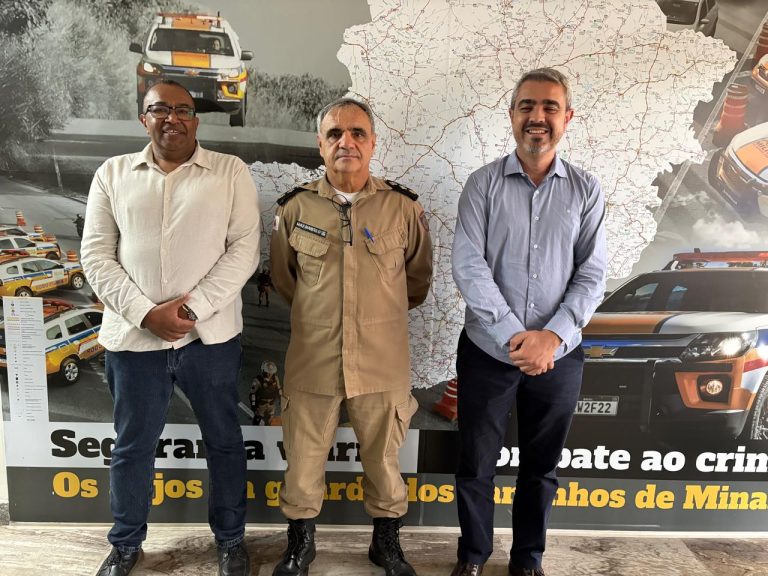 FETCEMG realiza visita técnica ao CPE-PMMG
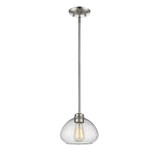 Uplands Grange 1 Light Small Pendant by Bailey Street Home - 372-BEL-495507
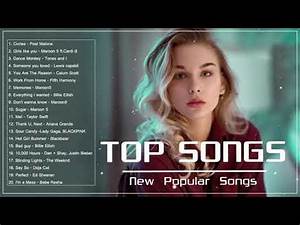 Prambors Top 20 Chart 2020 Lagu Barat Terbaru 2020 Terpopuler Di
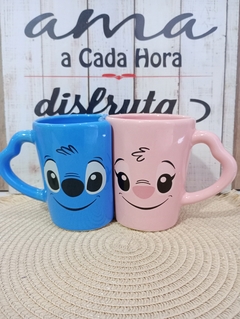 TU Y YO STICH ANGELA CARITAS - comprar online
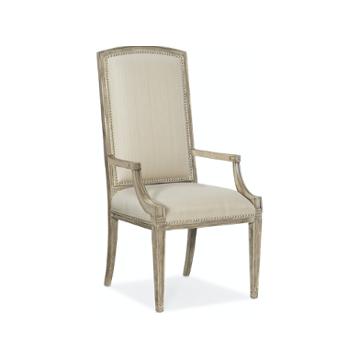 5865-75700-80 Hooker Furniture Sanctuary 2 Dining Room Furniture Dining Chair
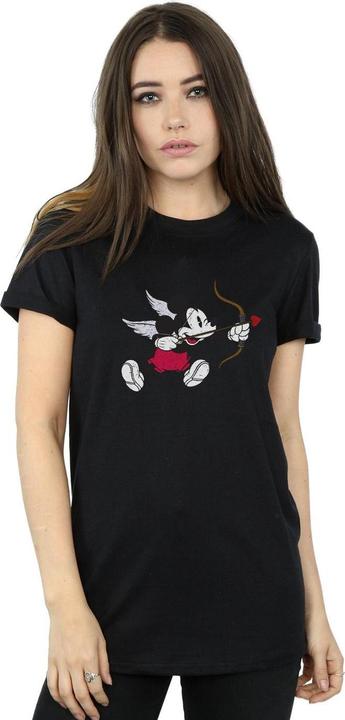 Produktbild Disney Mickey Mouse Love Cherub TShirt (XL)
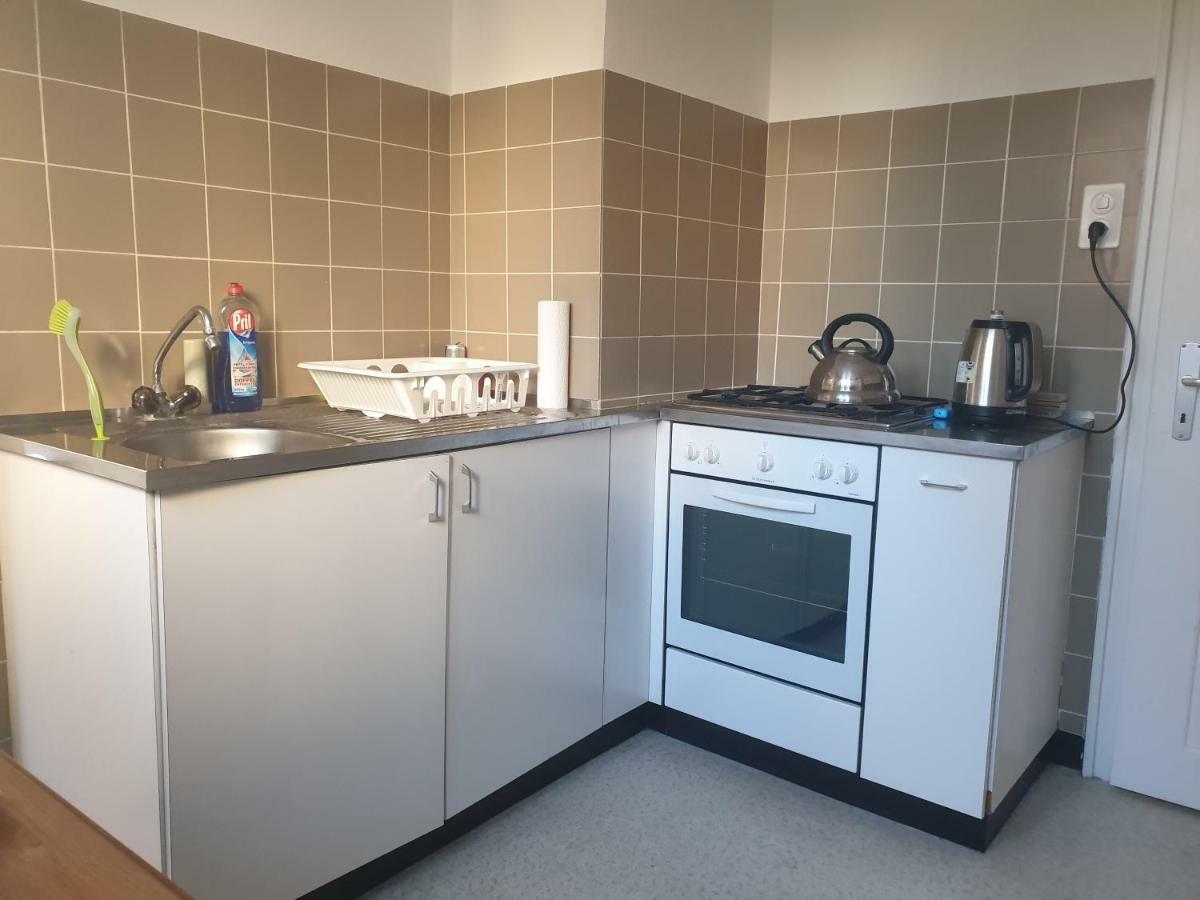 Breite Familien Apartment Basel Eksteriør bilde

□ □ □ □

Problem to work on
Pictures aside, write out verbatim every line from the first line of the material through the line holding "TU Y YO STICH".

Completed exercise
 FETCEMG realiza visita técnica ao CPE-PMMG
 Uplands Grange 1 Light Small Pendant by Bailey Street Home - 372-BEL-495507
 Prambors Top 20 Chart 2020 Lagu Barat Terbaru 2020 Terpopuler Di
 TU Y YO STICH ANGELA CARITAS - comprar online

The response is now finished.